The campaign to legalize recreational marijuana sales is launching a TV advertising salvo using some of its best assets: blue-chip ex-federal law- enforcement supporters.
A pair of ads, to run in Seattle and Spokane broadcast and cable markets and on cable in Vancouver, feature former U.S. Attorneys John McKay and Kate Pflaumer and the former FBI supervising agent in Seattle, Charlie Mandigo. The trio emphasize the need to divert law-enforcement resources toward “violent crime” instead of what they see as the failed federal ban on marijuana.
As with a previous ad in August, which featured a middle-aged woman who declared she “didn’t really like” marijuana, these new ads are meant as sober indictments of marijuana policy, but don’t embrace marijuana use itself. That conservative messaging approach reflects I-502’s emphasis on regulation and taxation.

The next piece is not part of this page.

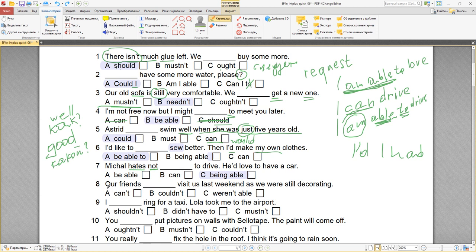Number eight: our friends couldn't visit us last weekend as we were still decorating. Наши друзья не смогли навестить нас на прошлых выходных. Или же — our friends weren't able to, но здесь to нет — вычёркиваем, это не подходит. As we were still decorating — так как мы на прошлых выходных были ещё заняты декором.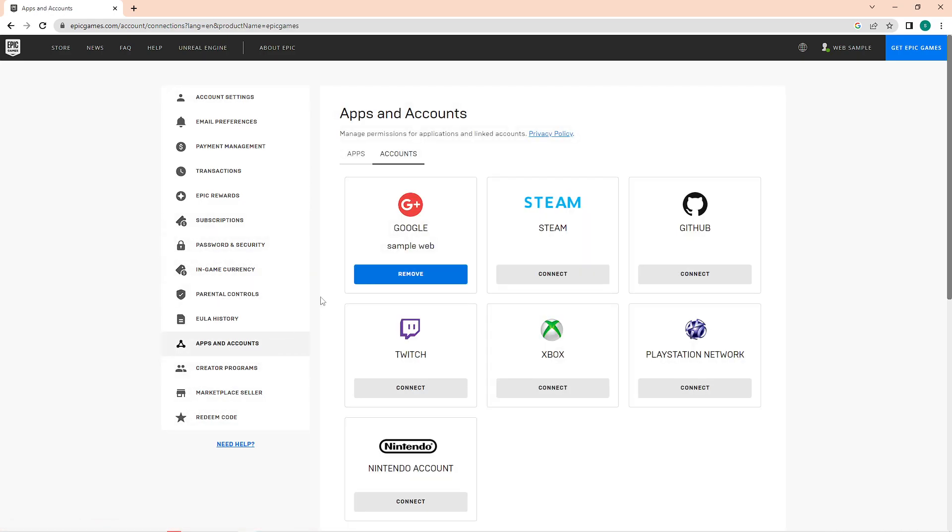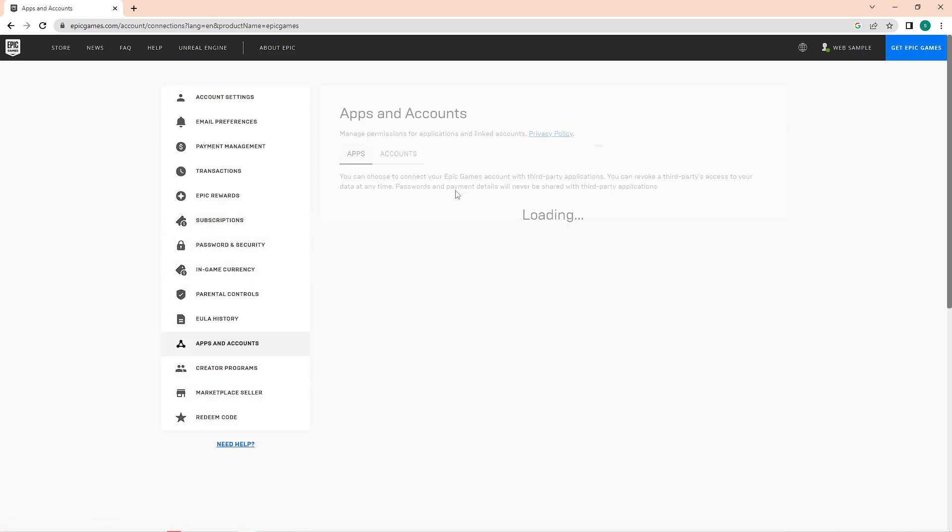Now I don't have any games from Epic Games, that is why this list is empty. But once you tap on this app beside the word account, the list of your applications should show in here.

That has helped win I-502 its establishment support, and to depress opposition.
I-502 campaign manager Alison Holcomb said the ads, which cost $452,910 to run, will air Oct. 11-16. The campaign is doing more fundraising to buy additional ad time. “We know we’ll run more, we just don’t know how much.”
This round of ads was partly funded by a $670,000 donation from Progressive Insurance founder and marijuana-legalization advocate Peter Lewis, who has given more than $1.5 million in total to I-502.